Buildings have a number of functions, primary and secondary. Some exist only in photographic form. Images may convey a building’s status or prestige, transforming architecture into brands, lending buildings a permanence far beyond their original intent, and even beyond their deliberate or accidental destruction, thereby retaining buildings and entire cities in the collective memory as a part of history once they no longer exist. This exhibition and book seek to approach the singular and complex relationship between architecture and photography in light-hearted, narrative and dialectical ways. We explore issues of history and ideology, as well as the specifics of form and material, in the photographic image. The visual appeal of destroyed or decayed buildings is also addressed, as are their lasting demonstrations of power and exclusivity, fragility and beauty. To what extent does photography influence not only the way architecture is perceived, but also the way it is designed? How does an image bring architecture to life, and at what point does it become uncanny [unheimlich]? How do settlements develop into cities? Or, in sociological terms: how do work and life interconnect differently in, say, Zürich and Winterthur, as opposed to, say, Calcutta or Chandigarh? And how do skyscrapers and living spaces translate into the flat, two-dimensional world of photography?

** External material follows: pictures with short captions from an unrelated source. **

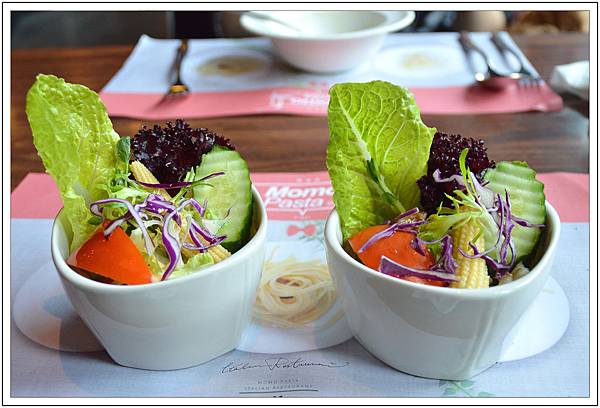 〈台中北區〉MoMo Pasta 義式料理餐廳 〈台中北區〉MoMo Pasta 義式料理餐廳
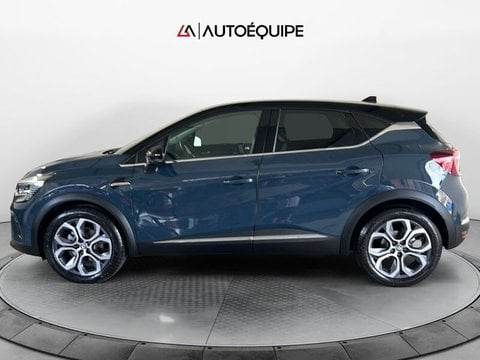 Auto Usate A Roma | Renault Captur Ii 2019 1.6 E-Tech Full Hybrid Techno 145Cv Auto
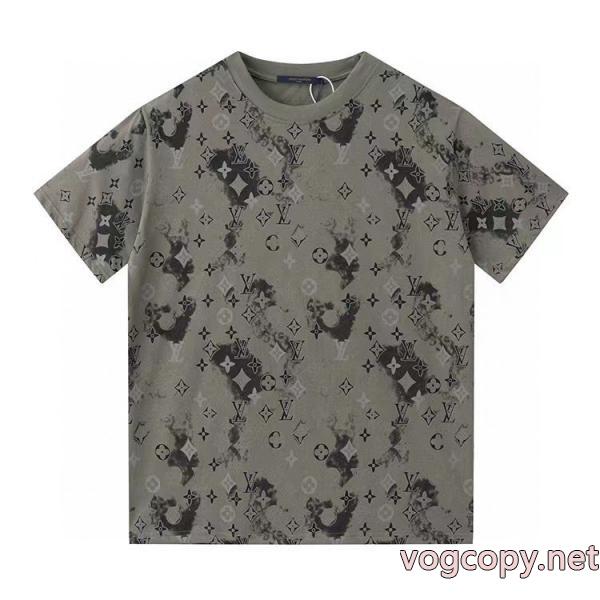大特価2026 HOT品質保証 人気定番大人気ブランド コピー 販売 ルイ ヴィトンTシャツ
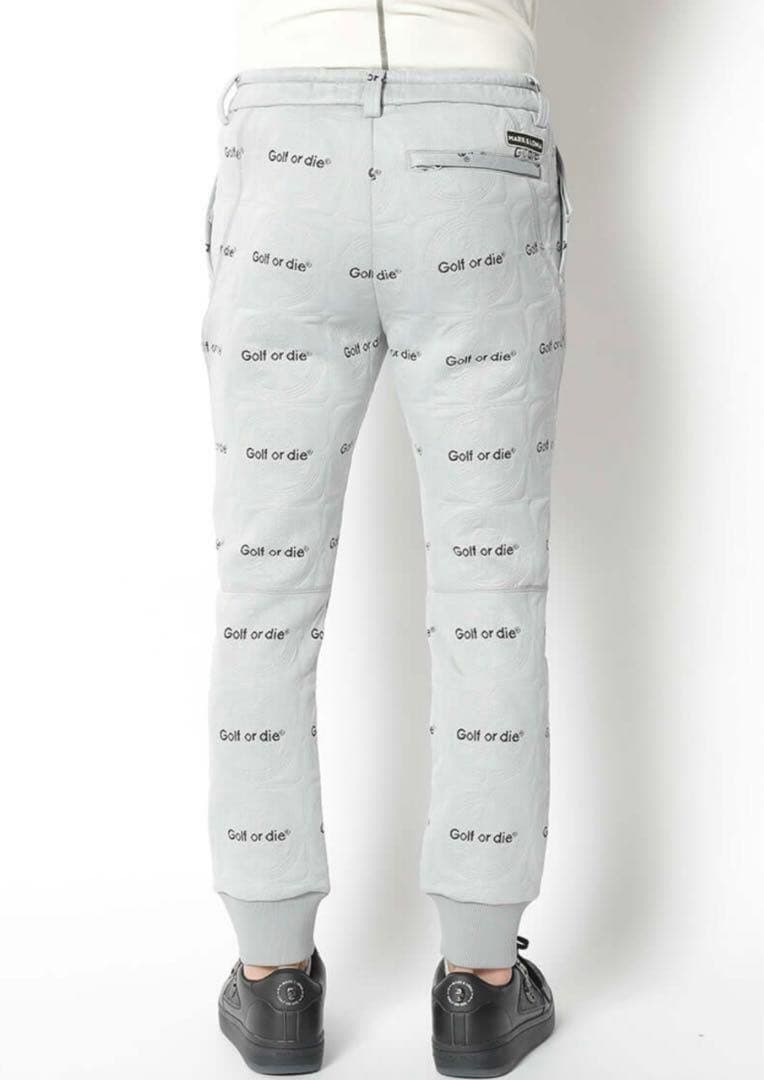 マコさん様♪ 新品 MARK&LONA ジョガー マーク＆ロナ スウェットパンツ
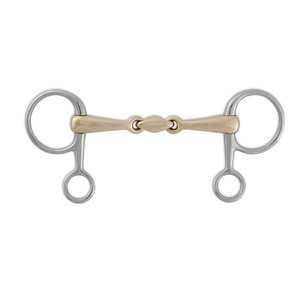 Nouveau mèche à cheval Western réglable avec tiges en acier inoxydable fabriquée par TARIQ MFG CO - Product Image 4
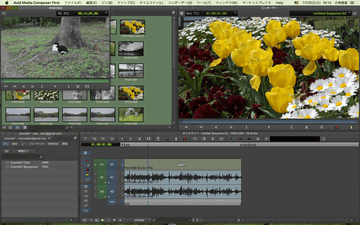 小寺信良の週刊 Electric Zooma!】プロ向けビデオ編集ソフトが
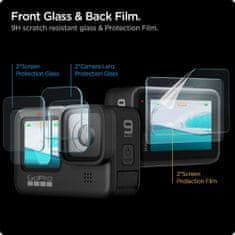 Spigen Glas.Tr Slim 2x üvegfólia GoPro Hero 9 / 10 / 11 / 12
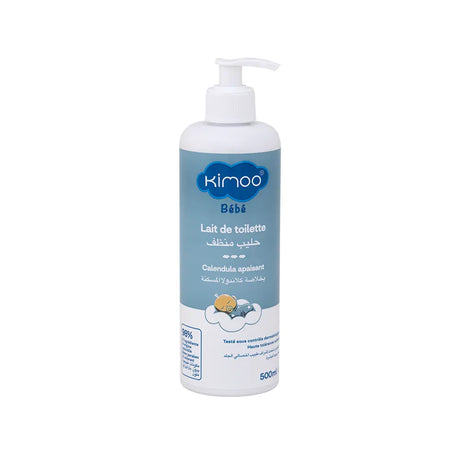 Kimoo Lait de Toilette-500ml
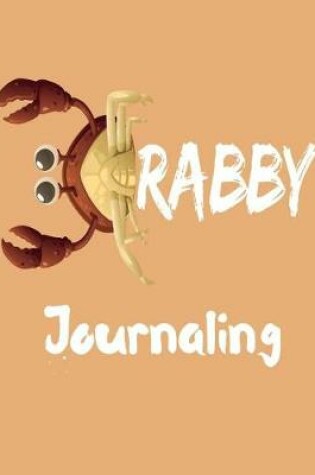 Cover of Crabby Journaling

Architecture has always been an important platform for the frequently heated discussion of ideas and views, zeitgeist and weltanschauung, everyday life and aesthetics. Architecture is the bold materialisation of private and public visions, both functional and avant-garde art alike. It is, as Slavoj Žižek puts it, ideology in stone. Photography and architecture both play an undisputed role in our everyday lives. They confront us on a daily basis, often without our even noticing, and they influence how we think, act and live in subliminal and lasting ways. Concrete – Photography and Architecture provides visual answers to the question of what it is that makes up the intimate yet complex relationship between architecture and photography, architect and photographer.